Fix full text search to handle NOT above a phrase search correctly

Enterprise / PostgreSQL - Tom Lane [] - 27 April 2020 16:21 EDT

Queries such as '!(foo<->bar)' failed to find matching rows when implemented as a GiST or GIN index search. That's because of failing to handle phrase searches as tri-valued when considering a query without any position information for the target tsvector. We can only say that the phrase operator might match, not that it does match; and therefore its NOT also might match. The previous coding incorrectly inverted the approximate phrase result to decide that there was certainly no match.

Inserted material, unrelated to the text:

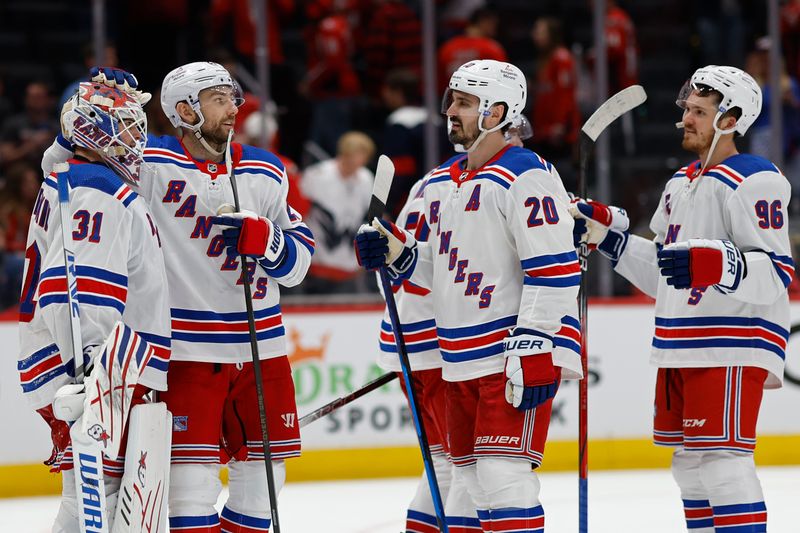 Apr 26, 2024; Washington, District of Columbia, USA; New York Rangers goaltender Igor Shesterkin (31) celebrates with teammates after their game against the Washington Capitals in game three of the first round of the 2024 Stanley Cup Playoffs at Capital One Arena. Mandatory Credit: Geoff Burke-USA TODAY Sports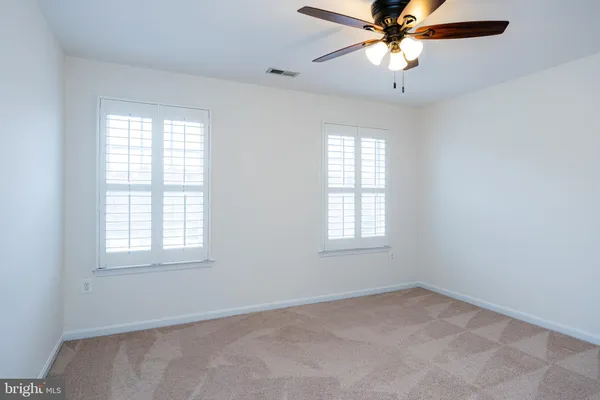 a large white bed in a white room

To fix, we need to make TS_phrase_execute return a real ternary result, and then bubble that up accurately in TS_execute. As long as we have to do that anyway, we can simplify the baroque things TS_phrase_execute was doing internally to manage tri-valued searching with only a bool as explicit result.

For now, I left the externally-visible result of TS_execute as a plain bool. There do not appear to be any outside callers that need to distinguish a three-way result, given that they passed in a flag saying what to do in the absence of position data. This might need to change someday, but we wouldn't want to back-patch such a change.

Although tsginidx.c has its own TS_execute_ternary implementation for use at upper index levels, that sadly managed to get this case wrong as well :-(. Fixing it is a lot easier fortunately.

Per bug #16388 from Charles Offenbacher. Back-patch to 9.6 where phrase search was introduced.


src/backend/utils/adt/tsginidx.c | 23 ++-
src/backend/utils/adt/tsvector_op.c | 269 ++++++++++++++++---------
src/test/regress/data/ | 40 ++--
src/test/regress/expected/tsearch.out | 366 +++++++++++++++++++++++++++++++++-
src/test/regress/expected/tstypes.out | 78 ++++++++
src/test/regress/sql/tsearch.sql | 60 ++++++
src/test/regress/sql/tstypes.sql | 13 ++
7 files changed, 734 insertions(+), 115 deletions(-)